[Start of section]
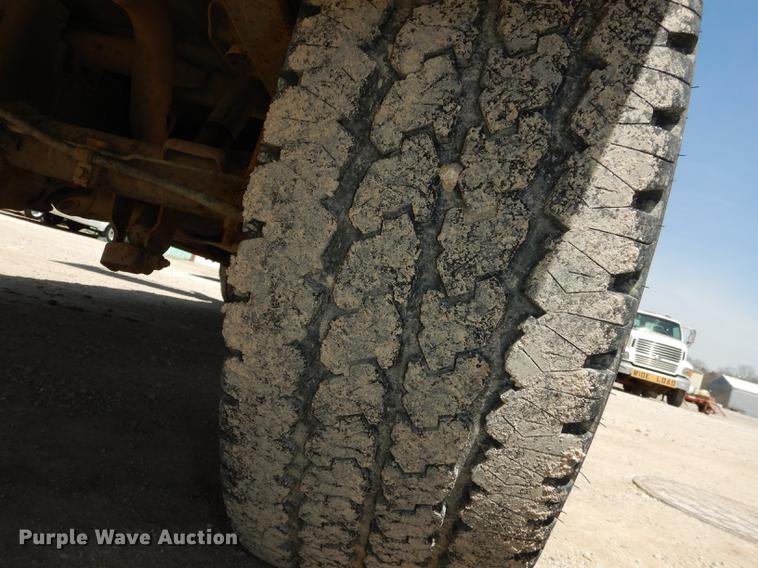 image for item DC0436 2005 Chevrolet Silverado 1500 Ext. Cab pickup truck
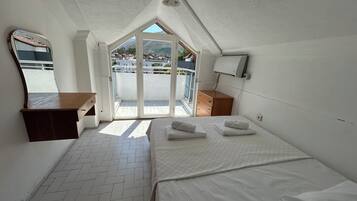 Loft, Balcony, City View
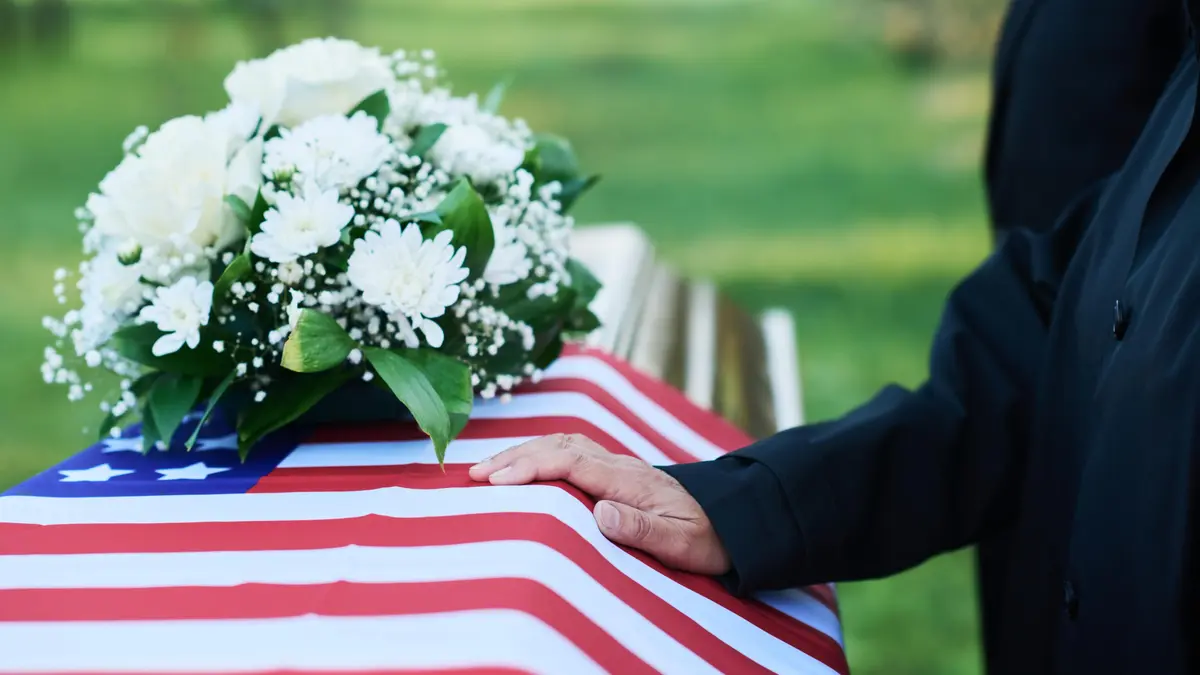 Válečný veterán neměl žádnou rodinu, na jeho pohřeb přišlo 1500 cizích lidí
[End of section]
* **TASK INSTRUCTIONS**:
In your copy, include no pictures; print every line above exactly.

* **SOLUTION FOR THIS TASK**:
 image for item DC0436 2005 Chevrolet Silverado 1500 Ext. Cab pickup truck
 Loft, Balcony, City View
 Válečný veterán neměl žádnou rodinu, na jeho pohřeb přišlo 1500 cizích lidí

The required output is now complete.